The problem - Each record must be repeated exactly as it stands.

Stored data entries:
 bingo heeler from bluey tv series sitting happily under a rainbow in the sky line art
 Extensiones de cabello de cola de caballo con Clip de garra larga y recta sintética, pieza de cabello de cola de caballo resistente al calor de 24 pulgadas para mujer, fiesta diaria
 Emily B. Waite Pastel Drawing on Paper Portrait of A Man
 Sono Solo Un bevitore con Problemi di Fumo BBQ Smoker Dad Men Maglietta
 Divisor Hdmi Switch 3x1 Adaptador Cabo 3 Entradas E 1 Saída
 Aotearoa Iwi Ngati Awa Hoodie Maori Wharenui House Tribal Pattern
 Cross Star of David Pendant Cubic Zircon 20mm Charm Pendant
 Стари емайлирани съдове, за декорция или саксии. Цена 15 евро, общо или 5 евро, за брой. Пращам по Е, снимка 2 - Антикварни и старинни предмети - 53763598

Solved problem -
 bingo heeler from bluey tv series sitting happily under a rainbow in the sky line art
 Extensiones de cabello de cola de caballo con Clip de garra larga y recta sintética, pieza de cabello de cola de caballo resistente al calor de 24 pulgadas para mujer, fiesta diaria
 Emily B. Waite Pastel Drawing on Paper Portrait of A Man
 Sono Solo Un bevitore con Problemi di Fumo BBQ Smoker Dad Men Maglietta
 Divisor Hdmi Switch 3x1 Adaptador Cabo 3 Entradas E 1 Saída
 Aotearoa Iwi Ngati Awa Hoodie Maori Wharenui House Tribal Pattern
 Cross Star of David Pendant Cubic Zircon 20mm Charm Pendant
 Стари емайлирани съдове, за декорция или саксии. Цена 15 евро, общо или 5 евро, за брой. Пращам по Е, снимка 2 - Антикварни и старинни предмети - 53763598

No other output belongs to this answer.